• _Exercise_
Omit the images and reproduce the rest of the entries exactly.

• _Exercise data_
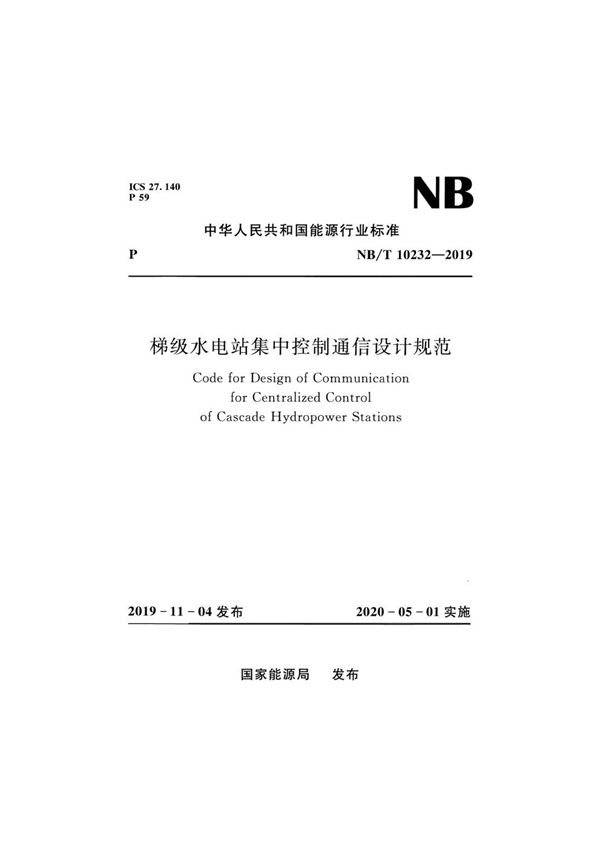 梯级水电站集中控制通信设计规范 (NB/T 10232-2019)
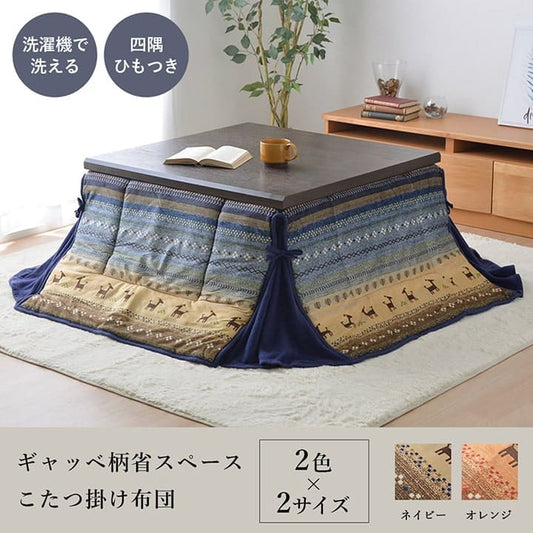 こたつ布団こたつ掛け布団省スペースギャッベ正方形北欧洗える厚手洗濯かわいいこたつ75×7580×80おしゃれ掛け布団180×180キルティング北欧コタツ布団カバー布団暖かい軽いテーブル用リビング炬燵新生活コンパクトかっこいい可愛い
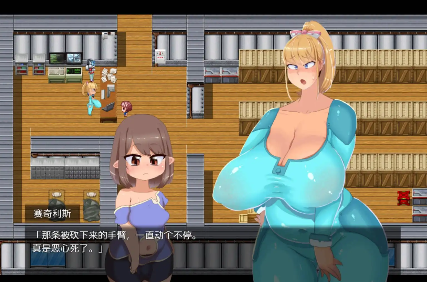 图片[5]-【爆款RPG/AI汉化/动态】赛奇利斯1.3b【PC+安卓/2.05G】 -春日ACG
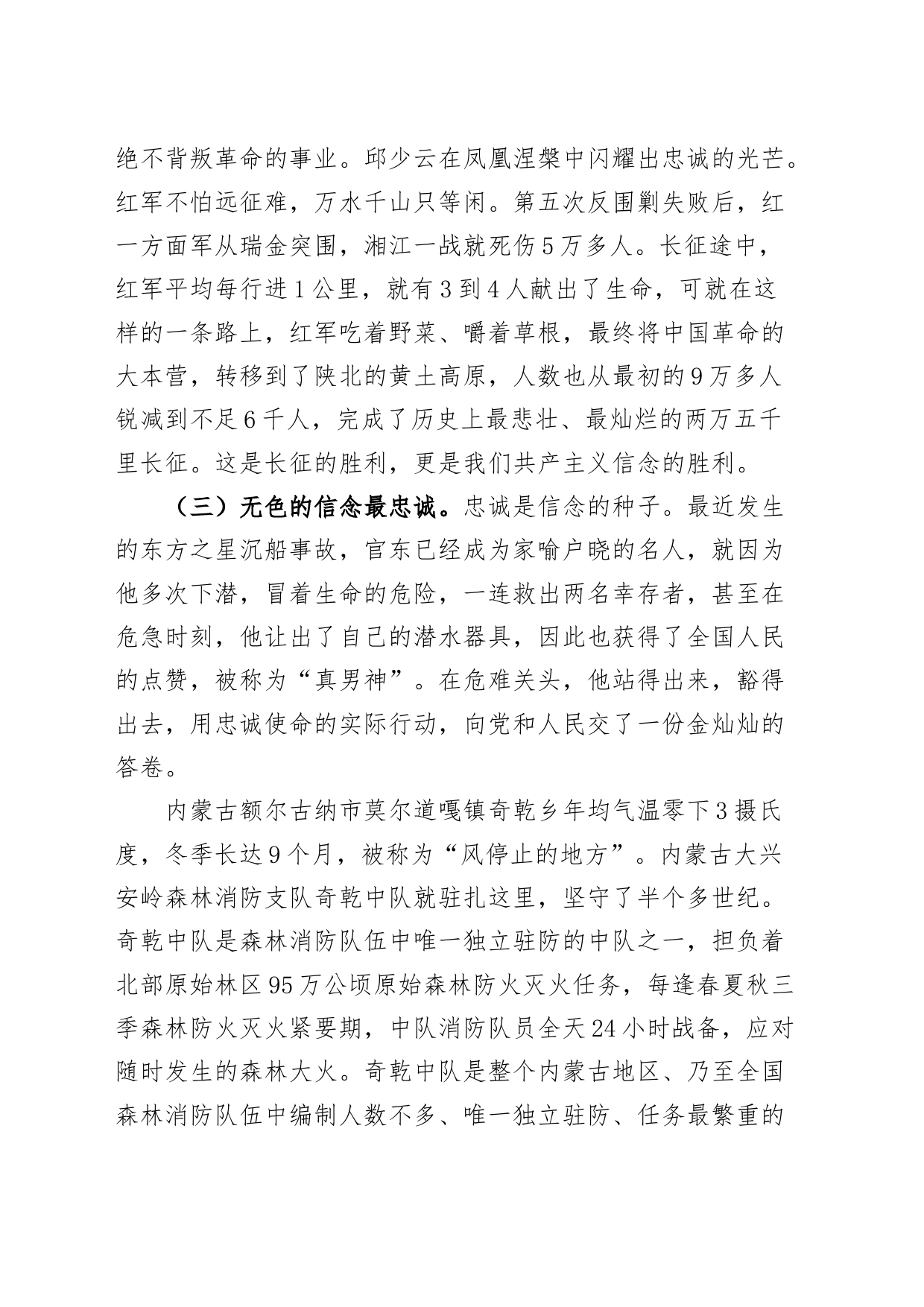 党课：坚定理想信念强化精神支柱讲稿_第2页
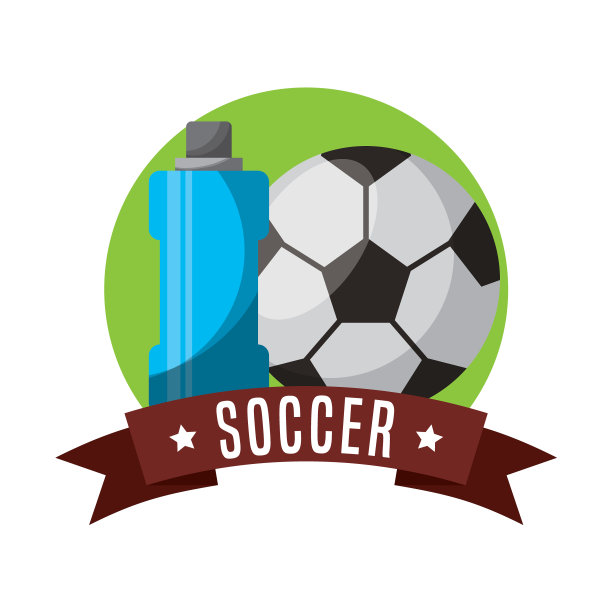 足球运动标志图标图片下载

• _Answer to this exercise_
 梯级水电站集中控制通信设计规范 (NB/T 10232-2019)
 こたつ布団こたつ掛け布団省スペースギャッベ正方形北欧洗える厚手洗濯かわいいこたつ75×7580×80おしゃれ掛け布団180×180キルティング北欧コタツ布団カバー布団暖かい軽いテーブル用リビング炬燵新生活コンパクトかっこいい可愛い
 图片[5]-【爆款RPG/AI汉化/动态】赛奇利斯1.3b【PC+安卓/2.05G】 -春日ACG
 党课：坚定理想信念强化精神支柱讲稿_第2页
 足球运动标志图标图片下载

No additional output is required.